The training takes several minutes.

In [None]:
%%time
pipe_params = {'mi_calc__max_corr': [0.7, 0.75],
               'mi_calc__n_neighbors': [5, 19],
               'catboost__depth': [9, 11]}

fr_params = {'min_mi': 0.0005}
cbc_params = {'loss_function': 'Logloss', 'logging_level': 'Silent',\
              'rsm': 0.25, 'l2_leaf_reg': 4, 'custom_metric': 'AUC'}

cv_best_params = train_pipe_cv(all_percentiles, new_features,\
                 parameters=pipe_params, fr_params=fr_params,\
                 cbc_params=cbc_params, scoring ='roc_auc')

We got a bit of overfitting here, but the test set accuracy is good nevertheless. 

I would like to note here that the MI method yields a score for all values of a variable, while a decision tree method splits a variable range and considers its behavior on a part of it. So a feature MI score may be low, but it can be helpful anyway for fine distinctions between our cases.

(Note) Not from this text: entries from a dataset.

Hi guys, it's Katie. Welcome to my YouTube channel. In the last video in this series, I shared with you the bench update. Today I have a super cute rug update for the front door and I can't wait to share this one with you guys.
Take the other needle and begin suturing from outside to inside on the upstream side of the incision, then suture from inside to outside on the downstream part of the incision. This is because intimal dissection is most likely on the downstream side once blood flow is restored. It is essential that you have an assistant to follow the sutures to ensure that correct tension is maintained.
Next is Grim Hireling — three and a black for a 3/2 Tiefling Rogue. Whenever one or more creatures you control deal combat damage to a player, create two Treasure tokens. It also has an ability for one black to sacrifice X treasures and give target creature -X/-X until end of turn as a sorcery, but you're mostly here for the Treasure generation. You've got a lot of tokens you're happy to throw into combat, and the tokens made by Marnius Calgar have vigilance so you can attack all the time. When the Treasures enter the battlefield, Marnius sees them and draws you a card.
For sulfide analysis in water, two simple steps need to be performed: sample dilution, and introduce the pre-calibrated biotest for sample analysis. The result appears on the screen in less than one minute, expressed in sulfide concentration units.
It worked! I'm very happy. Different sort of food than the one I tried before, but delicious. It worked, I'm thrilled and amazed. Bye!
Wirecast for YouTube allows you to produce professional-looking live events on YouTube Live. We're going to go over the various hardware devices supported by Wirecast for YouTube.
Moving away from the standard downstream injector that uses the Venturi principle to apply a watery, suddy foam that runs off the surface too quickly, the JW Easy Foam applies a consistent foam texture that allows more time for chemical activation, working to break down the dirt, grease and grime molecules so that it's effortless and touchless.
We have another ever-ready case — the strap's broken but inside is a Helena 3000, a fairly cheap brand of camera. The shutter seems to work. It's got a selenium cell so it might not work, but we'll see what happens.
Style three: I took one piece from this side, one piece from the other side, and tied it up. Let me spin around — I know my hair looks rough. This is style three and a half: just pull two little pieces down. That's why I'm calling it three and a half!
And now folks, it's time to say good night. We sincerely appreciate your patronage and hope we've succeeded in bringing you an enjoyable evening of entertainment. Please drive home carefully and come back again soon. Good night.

To determine what variables were most useful for our training we can check what were feature importances for the model training. Athough the Catboost method is randomized, and for each run we may get a slightly different order.  At first I need to add new learned parameters to the previous ones so I can supply them into my Transformer and CatBoost Estimator.

In [None]:
for key in cv_best_params:
    if key[:3] == 'cat':
        cbc_params[key.split('__')[1]] = cv_best_params[key]
    else:
        fr_params[key.split('__')[1]] = cv_best_params[key]
        
fr_cols = feature_reduction(**fr_params)
fr_cols.fit(all_percentiles[new_features], all_percentiles.troll)
new_cols = fr_cols.selected_cols

Here goes a list of features ordered by computed for this run importance. They permute a little bit with each re-run, although the top ones tend to stay higher in the list. 

In [None]:
cbc_best = CatBoostClassifier(**cbc_params)
cbc_best.fit(all_percentiles[new_cols], all_percentiles.troll.values)
var_importance = list(zip(cbc_best.feature_importances_, new_cols))
var_importance.sort(key=lambda x:x[0], reverse=True)
print("A number of variables is "+str(len(new_cols)))
var_importance

As we see, the most crucial  for troll detection is the way they stick to their instructions. In particular they should include specific words into their texts, so an average word length differs from what normal Americans use. They use a number of ways to increase their audience: links, hashtags, Twitter handles, and it shows. They apparently have guidelines for a post length. I consider it as convenient because we can set up filters for catching the most significant metrics, and then check a whole account activity. 
 
In addition the suggested features turned out to be not very dependable on languages but mostly on a paid troll account activity. Thus we can apply this work for other languages, and not  limit ourselves to Russian trolls posting English texts.